Waitomo Caves continues to reveal new wonders with two new tours

Published on : Saturday, April 30, 2016

Waitomo CavesWaitomo Caves – one of New Zealand’s original and most visited tourism destinations – continues to reveal new wonders with two new tours added to the line-up of experiences from Waitomo Adventures.

 
More than 400 caves lie underneath the lush, green surface at Waitomo, although only a relatively small number of those identified are accessible to visitors.

 
Waitomo – meaning water hole in Māori – is a small rural settlement in the King Country / Te Rohe Potae district. For 126 years the unique caves have been attracting visitors from all over the world. A short drive from Hamilton – Waikato, the caves offer a series of fascinating eco-adventures ranging from glow-worm viewing to black water rafting.

 
In the incomparable Lost World setting, Lost World Through the Window – launching on 2 May – has been heralded as a cross between a bridge climb and a super-elevated eco-zip tour.

 
‘Through the Window’ into the Lost World allows visitors access right down into the deepest levels of the cave system.
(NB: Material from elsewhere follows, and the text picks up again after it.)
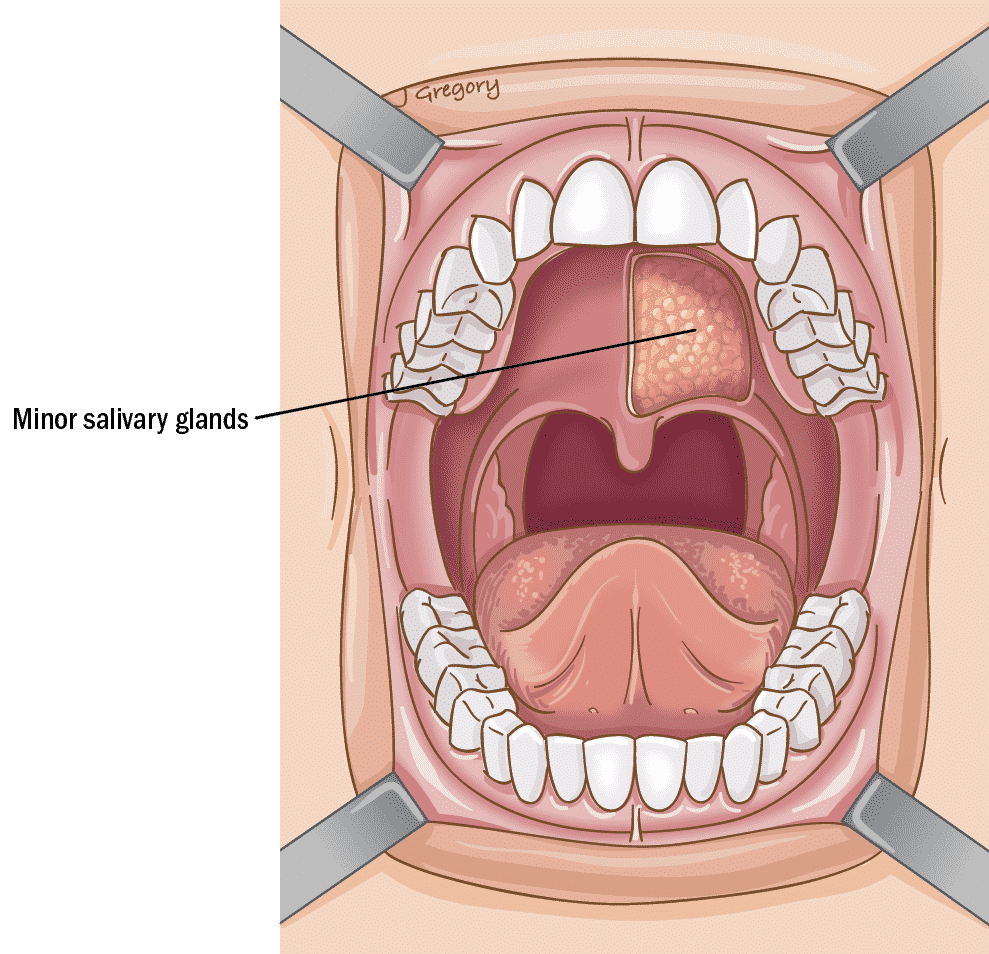 Ilustración de la boca señalando las glándulas salivales menores en el paladar.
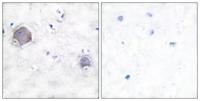 Cleaved-Notch 1 (V1754) Polyclonal Antibody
Much less physically demanding than the original Lost World tour – which includes a dramatic 100-metre abseil into darkness– the newest option will open the cave to a much wider audience.

 
After donning regulation overalls, harnesses and helmets, there’s just a short stroll through native forest to ‘The Window’ – a spectacular tomo (or sinkhole) which serves as a gateway into the underworld. Visitors walk in on a staircase attached to a sheer cliff face and, when the stairs run out in thin air, there are two tyroleans (similar to a zip line) to continue the journey through the cave’s upper levels.

 
In September, Waitomo Adventures will open the new Troll Cave, a fantasy experience aimed at families with younger children.

 
This will be an adventure experience tailored to children but, the developers say, “definitely not sugar-coated” and incorporating the kind of fantasy phenomena often associated with caves.

 
Children on the troll hunt will negotiate an underground labyrinth as they search for the troll they’re trying to help – and anything can happen along the way. Parents will chaperone their children and can select the “appropriate level of fear” for their child, for example anything from ‘Please wrap my baby in cotton wool’ to ‘Do what you like’.

 
Construction of this artificial cave is underway. The concrete building will be completely underground and includes familiar cave features such as waterfalls and amazing rock formations.

 
Despite the ‘rickety bridge’, ‘troll stepping stones’, ‘dodgy boat’ and other obstacles, it will be completely adaptable for wheelchairs and strollers.